**Exercise objective**
Your reply should consist only of the lines from the one holding "Hancock, Maine 2021" to the last line of the data below, written out exactly and without pictures.

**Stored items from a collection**
☆ ☆ ☆ ☆
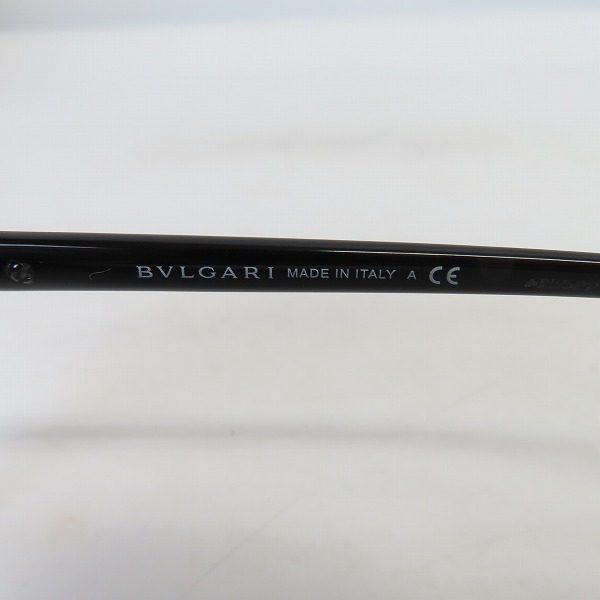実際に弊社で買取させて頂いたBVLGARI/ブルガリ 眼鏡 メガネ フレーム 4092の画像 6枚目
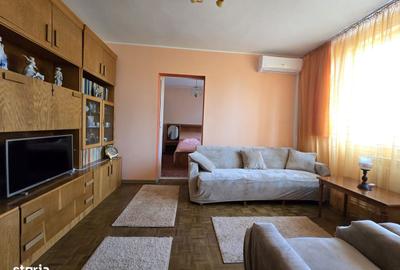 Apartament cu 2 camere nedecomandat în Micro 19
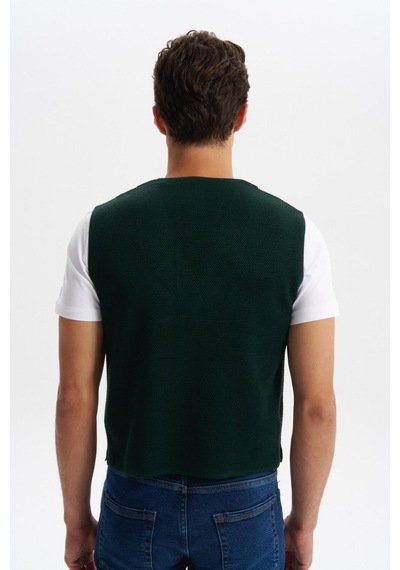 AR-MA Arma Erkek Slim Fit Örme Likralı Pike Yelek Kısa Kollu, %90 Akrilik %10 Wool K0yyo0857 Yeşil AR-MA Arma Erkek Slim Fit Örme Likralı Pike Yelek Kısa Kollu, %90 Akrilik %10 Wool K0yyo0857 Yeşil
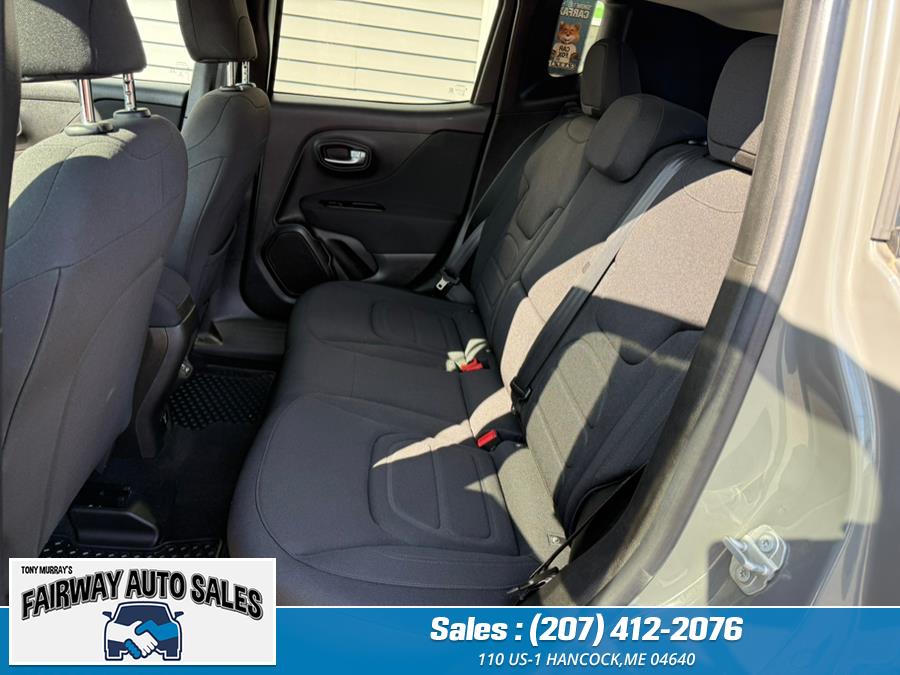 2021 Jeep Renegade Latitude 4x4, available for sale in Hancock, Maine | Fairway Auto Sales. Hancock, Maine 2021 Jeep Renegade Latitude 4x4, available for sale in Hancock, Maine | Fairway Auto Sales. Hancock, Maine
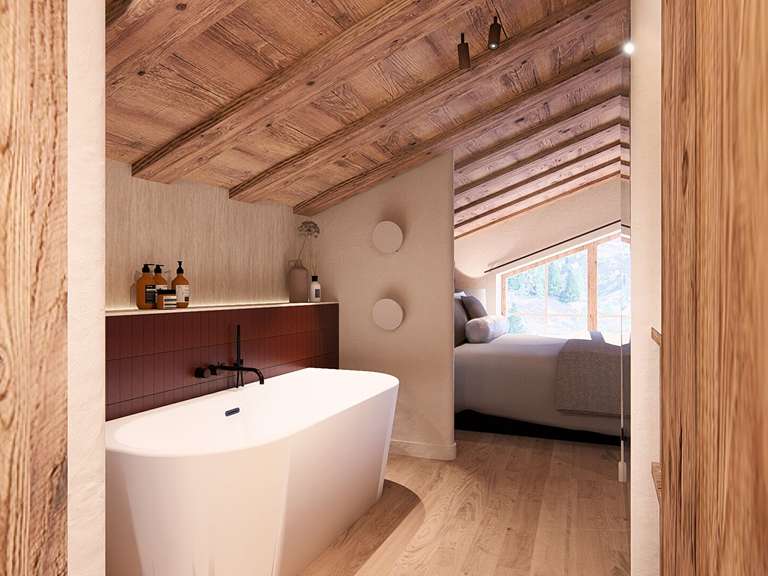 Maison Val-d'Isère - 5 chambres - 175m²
☆ ☆ ☆ ☆
**Reply to the exercise**
 2021 Jeep Renegade Latitude 4x4, available for sale in Hancock, Maine | Fairway Auto Sales. Hancock, Maine 2021 Jeep Renegade Latitude 4x4, available for sale in Hancock, Maine | Fairway Auto Sales. Hancock, Maine
 Maison Val-d'Isère - 5 chambres - 175m²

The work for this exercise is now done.